Alternatives for sending money abroad
As large banks raise foreign currency transfer costs, people are looking for alternatives. Timur Aitov, chair of the Financial Security Commission of the Russian Chamber of Commerce and Industry, outlines five approaches for sending dollars and euros abroad.
Method 1. Cheaper SWIFT transfers
Vladislav Antonov, a financial analyst at BitRiver, recommends banks with lower SWIFT fees. Typical ranges include zero to five percent, with real examples such as Solid Bank, Realist Bank, Royal Credit Bank, and Sea Bank offering 0.11% to 0.2% fees in many cases. When using SWIFT, select the recipient’s name and address, the bank’s details, the account (IBAN), and the BIC or bank code. Many large banks have departed from SWIFT due to sanctions, such as Sberbank, VTB, Rosselkhozbank, and several others, making it essential to choose non-sanctioned institutions. Transfers are generally limited to amounts up to 1 million USD, and guarantee of speed remains uncertain. Some foreign banks may withdraw or reject transfers from Russia, while fees on foreign currency transfers continue to rise as sanctions persist.
Method 2. Foreign Visa or Mastercard
Russians can obtain a card issued by Visa or Mastercard in nearby friendly jurisdictions such as Kazakhstan or Belarus. A trip there might be required, with travel costs estimated around 30 thousand rubles round trip. An account in a Belarusian or Kazakh bank can be opened in rubles and foreign currency, allowing payments abroad with modest fees. Some experts note that remote opening of foreign cards is possible, though it may resemble the cost of travel.
Method 3. Payment systems
Systems like Zolotaya Korona offer transfers to several countries, including those in the CIS, Moldova, Vietnam, Israel, Korea, and Turkey. The Contact system supports transfers to many destinations including the USA, UK, and China, with ruble payments converted on arrival. Unistream, affected by US sanctions, requires verification of recipient bank acceptance. Transfer possibilities depend on country and partner arrangements, and can be initiated online, via mobile apps, or at acceptance points.

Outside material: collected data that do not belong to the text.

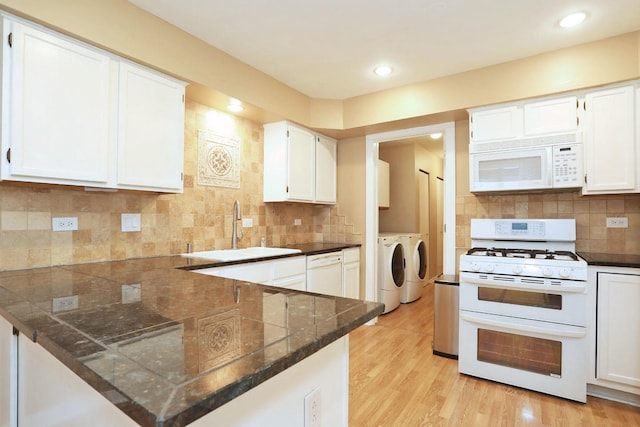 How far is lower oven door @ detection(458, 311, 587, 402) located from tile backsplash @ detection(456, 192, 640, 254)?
34.3 inches

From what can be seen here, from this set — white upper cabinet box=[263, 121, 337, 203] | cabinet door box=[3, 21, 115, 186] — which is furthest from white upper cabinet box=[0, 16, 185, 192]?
white upper cabinet box=[263, 121, 337, 203]

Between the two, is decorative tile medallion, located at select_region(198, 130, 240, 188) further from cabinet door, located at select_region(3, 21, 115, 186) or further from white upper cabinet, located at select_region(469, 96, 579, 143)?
white upper cabinet, located at select_region(469, 96, 579, 143)

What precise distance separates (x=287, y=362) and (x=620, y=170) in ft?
9.20

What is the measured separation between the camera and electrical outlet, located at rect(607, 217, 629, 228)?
252cm

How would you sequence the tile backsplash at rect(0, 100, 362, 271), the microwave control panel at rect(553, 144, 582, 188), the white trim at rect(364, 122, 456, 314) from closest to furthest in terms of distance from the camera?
1. the tile backsplash at rect(0, 100, 362, 271)
2. the microwave control panel at rect(553, 144, 582, 188)
3. the white trim at rect(364, 122, 456, 314)

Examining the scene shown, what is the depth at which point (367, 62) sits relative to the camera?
8.99 ft

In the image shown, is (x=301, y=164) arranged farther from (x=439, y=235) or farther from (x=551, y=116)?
(x=439, y=235)

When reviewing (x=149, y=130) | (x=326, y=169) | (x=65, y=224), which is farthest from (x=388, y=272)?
(x=65, y=224)

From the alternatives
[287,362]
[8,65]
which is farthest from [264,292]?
[8,65]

Method 4. Cryptocurrencies
Cryptocurrency transfers through exchanges remain a possible option, though several platforms have tightened P2P transfers for Russian users. Major platforms like Binance recently restricted transactions in currencies other than the ruble for some users, while others like Bybit, KuCoin, OKX, Huobi, and Paxful may still provide alternatives in certain jurisdictions.

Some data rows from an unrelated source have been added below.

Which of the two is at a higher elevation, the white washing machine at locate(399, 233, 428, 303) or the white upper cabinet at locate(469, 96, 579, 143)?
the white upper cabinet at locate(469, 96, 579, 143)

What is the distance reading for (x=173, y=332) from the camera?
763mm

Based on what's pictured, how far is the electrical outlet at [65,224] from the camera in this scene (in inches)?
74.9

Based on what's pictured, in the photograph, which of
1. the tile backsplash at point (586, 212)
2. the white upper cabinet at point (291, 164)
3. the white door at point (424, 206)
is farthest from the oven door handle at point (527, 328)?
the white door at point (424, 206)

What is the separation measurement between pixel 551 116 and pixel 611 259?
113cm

Method 5. Cash export from Russia
Cash withdrawal limits are currently set by the Central Bank. Per capita limits exist for cash withdrawals of up to 10,000 USD or equivalent euros, with some older foreign currency accounts still permitting withdrawals under previous rules. Higher cash withdrawals are not allowed under current policies.
The outlook for dollar and euro transfers
Analysts suggest the transfer problem arose after the start of broader sanctions and ongoing market adjustments. Some expect continued high fees as banks adjust risk and margins. Others anticipate a gradual shift toward alternatives, including currencies from partner nations and the use of new payment rails. Market watchers also note rising activity in cryptocurrency-based transfers and related services as the landscape evolves.
In summary, the shift away from traditional cross-border transfers is shaping a gradual transition toward broader use of friendly currencies, neighboring market currencies, and new digital rails for international payments.